Now the template we loaded earlier gets context passed to it. A context is a is a dictionary mapping template variable names to Python objects. This is a dictionary with variable names as the “key” and their values as the “value”In this case, it is the queue_list we obtained. ‘queue_list’ is the key, and the queue_list obtain from the code above is the value.

context = RequestContext(request, {'queue_list': queue_list})

We now return a HTTPResponse object with the result of the rendered template.

return HttpResponse(template.render(context))

The render() function takes the request object as its first argument, a template name as its second argument and a dictionary as its optional third argument. When you pass the context to the render method, the variables in the template get replaced by their dictionary values in the context.‘queue_list’ in the template gets replaced with the value of queue_list = Queue.objects.all(). queue_list isn’t actually a list but a ModelQuerySet which gives a future. The actually list is not obtained until get() is run. I can it also be invoked in the iterator, like the for loop in our HTML.The view then returns an HttpResponse object of the given template rendered with the given context.

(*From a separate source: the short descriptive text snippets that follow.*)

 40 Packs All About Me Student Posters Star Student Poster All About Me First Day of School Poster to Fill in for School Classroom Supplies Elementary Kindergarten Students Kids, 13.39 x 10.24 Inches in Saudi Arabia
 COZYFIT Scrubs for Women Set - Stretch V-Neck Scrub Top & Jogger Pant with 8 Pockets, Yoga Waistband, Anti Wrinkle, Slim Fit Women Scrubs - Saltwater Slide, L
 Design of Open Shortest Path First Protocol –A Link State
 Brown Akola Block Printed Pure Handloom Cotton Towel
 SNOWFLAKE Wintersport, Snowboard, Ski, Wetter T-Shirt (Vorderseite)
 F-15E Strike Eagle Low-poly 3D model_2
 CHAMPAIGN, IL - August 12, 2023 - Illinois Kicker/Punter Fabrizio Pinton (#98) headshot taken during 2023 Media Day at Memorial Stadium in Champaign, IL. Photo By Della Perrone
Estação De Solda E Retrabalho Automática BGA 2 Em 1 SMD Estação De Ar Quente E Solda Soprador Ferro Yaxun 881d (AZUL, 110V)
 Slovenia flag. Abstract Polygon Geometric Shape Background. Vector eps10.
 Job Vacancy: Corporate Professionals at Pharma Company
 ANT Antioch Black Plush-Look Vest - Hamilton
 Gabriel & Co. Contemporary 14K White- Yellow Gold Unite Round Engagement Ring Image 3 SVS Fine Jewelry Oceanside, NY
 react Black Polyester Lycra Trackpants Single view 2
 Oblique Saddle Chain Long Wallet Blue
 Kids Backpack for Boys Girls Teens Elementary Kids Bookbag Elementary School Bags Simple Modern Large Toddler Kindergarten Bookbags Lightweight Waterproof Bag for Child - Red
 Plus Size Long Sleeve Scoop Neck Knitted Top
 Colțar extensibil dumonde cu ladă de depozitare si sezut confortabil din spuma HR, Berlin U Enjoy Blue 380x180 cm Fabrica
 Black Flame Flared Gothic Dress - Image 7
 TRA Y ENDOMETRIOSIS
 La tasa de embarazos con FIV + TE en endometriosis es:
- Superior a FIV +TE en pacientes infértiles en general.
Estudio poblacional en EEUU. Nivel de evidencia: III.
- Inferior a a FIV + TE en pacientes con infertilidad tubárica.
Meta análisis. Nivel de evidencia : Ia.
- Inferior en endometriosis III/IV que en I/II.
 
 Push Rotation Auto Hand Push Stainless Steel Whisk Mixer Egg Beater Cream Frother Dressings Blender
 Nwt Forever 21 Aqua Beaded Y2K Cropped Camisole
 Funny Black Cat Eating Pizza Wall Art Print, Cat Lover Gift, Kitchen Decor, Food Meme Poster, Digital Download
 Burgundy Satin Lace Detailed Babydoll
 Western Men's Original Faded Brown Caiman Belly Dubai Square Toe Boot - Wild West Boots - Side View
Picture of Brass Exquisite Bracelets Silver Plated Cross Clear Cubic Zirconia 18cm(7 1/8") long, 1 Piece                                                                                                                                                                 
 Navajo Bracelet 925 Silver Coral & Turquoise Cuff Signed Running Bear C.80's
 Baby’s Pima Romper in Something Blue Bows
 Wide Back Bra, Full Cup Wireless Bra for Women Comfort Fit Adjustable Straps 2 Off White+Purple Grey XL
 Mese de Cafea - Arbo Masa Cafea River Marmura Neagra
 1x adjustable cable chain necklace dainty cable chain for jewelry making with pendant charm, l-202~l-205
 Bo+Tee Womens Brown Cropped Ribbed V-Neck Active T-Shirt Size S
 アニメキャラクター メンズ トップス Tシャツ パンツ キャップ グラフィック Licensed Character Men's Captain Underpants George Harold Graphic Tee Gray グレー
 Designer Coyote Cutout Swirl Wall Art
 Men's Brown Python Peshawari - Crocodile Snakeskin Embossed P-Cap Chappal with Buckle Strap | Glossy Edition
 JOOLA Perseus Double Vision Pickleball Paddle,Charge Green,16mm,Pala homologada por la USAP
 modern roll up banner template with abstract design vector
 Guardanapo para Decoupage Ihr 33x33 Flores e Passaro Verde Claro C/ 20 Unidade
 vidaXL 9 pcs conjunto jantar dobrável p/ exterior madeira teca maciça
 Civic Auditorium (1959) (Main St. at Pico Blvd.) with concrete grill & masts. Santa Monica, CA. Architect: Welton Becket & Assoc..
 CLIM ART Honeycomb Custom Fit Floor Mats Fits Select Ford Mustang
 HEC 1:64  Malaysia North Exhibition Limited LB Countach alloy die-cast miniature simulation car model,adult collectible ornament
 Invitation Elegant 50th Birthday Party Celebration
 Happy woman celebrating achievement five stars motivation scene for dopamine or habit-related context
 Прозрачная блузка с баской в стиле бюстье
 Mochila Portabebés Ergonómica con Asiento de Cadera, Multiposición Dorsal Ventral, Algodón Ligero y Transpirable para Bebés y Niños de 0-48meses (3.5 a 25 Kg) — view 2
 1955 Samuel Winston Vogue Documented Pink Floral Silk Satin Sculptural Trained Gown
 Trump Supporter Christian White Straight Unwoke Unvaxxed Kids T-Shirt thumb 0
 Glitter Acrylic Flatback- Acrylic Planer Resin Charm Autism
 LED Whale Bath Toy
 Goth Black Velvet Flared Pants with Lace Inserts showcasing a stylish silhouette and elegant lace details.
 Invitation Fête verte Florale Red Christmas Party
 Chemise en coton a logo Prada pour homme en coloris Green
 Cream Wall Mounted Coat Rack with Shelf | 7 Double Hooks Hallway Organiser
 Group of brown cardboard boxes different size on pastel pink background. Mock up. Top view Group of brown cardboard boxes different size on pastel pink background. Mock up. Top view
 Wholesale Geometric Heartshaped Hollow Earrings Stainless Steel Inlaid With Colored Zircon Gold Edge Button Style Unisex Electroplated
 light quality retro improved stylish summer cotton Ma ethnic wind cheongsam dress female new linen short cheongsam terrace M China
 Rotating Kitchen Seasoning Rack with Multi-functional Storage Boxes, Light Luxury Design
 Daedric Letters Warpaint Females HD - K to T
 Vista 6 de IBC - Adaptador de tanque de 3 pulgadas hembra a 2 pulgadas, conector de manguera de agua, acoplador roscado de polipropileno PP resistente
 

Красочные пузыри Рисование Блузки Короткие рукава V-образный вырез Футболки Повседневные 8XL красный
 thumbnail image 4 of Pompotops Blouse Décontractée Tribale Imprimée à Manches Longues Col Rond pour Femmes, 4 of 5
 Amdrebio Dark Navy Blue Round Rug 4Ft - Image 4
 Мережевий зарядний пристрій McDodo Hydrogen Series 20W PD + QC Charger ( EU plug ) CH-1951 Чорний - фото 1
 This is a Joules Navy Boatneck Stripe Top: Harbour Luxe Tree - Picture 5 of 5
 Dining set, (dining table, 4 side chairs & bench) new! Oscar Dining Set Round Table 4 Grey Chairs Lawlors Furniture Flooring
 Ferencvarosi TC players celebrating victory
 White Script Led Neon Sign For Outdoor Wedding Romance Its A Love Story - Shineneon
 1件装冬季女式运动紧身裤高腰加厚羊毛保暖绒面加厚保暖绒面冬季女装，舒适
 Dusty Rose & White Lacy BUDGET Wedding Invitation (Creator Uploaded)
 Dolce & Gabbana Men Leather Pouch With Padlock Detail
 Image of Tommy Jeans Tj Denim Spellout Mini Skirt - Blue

Screen Shot 2015-02-12 at 7.13.51 PM

The information the user provides on this page is posted to the create_post view to handle.

def create_post(request):
    template = loader.get_template('tiktokadmin/create_post.html')
    text = request.POST['tweettext']
    queueid = request.POST['queue_id']
    tweetid = uuid.uuid4()
    if queueid != '0':
        tweet_time = request.POST['when_to_tweet']
        if tweet_time == '':
            template = loader.get_template('tiktokadmin/create_post_no_time.html')
            context = RequestContext(request)
            return HttpResponse(template.render(context))
        tweet_time = datetime.strptime(tweet_time, '%Y-%m-%d %H:%M:%S')
        Tweets_queue.create(queue_id = queueid, time_to_send = tweet_time, tweet_id = tweetid)
    Tweets.create(id = tweetid, created = datetime.utcnow(), modified = datetime.utcnow(),  tweet = text)
    context = RequestContext(request, {'text': text})
    return HttpResponse(template.render(context))

To come…

This is just the completion of Phase 1 of my TikTokTweet project, still have quite a bit of work to do. I haven’t done much of anything with the front end as you may be able to tell. I was considering trying out Bootstrap to make the app look sleek and shiny without too much hassle, given my limited experience with design in the front end. The other possibility would be JQuery. I also need to figure out a better way to do a datetime input as opposed to the yyyy-mm-dd hh:mm:ss string format I’m requesting from the user currently. I’m welcome any suggestions and, I’m pretty new to web application development and definitely eager to learn more. Up next, I’ll be looking into the backend parts of the app where the scheduler and lister reside. I think that’s where the real magic of this app lies.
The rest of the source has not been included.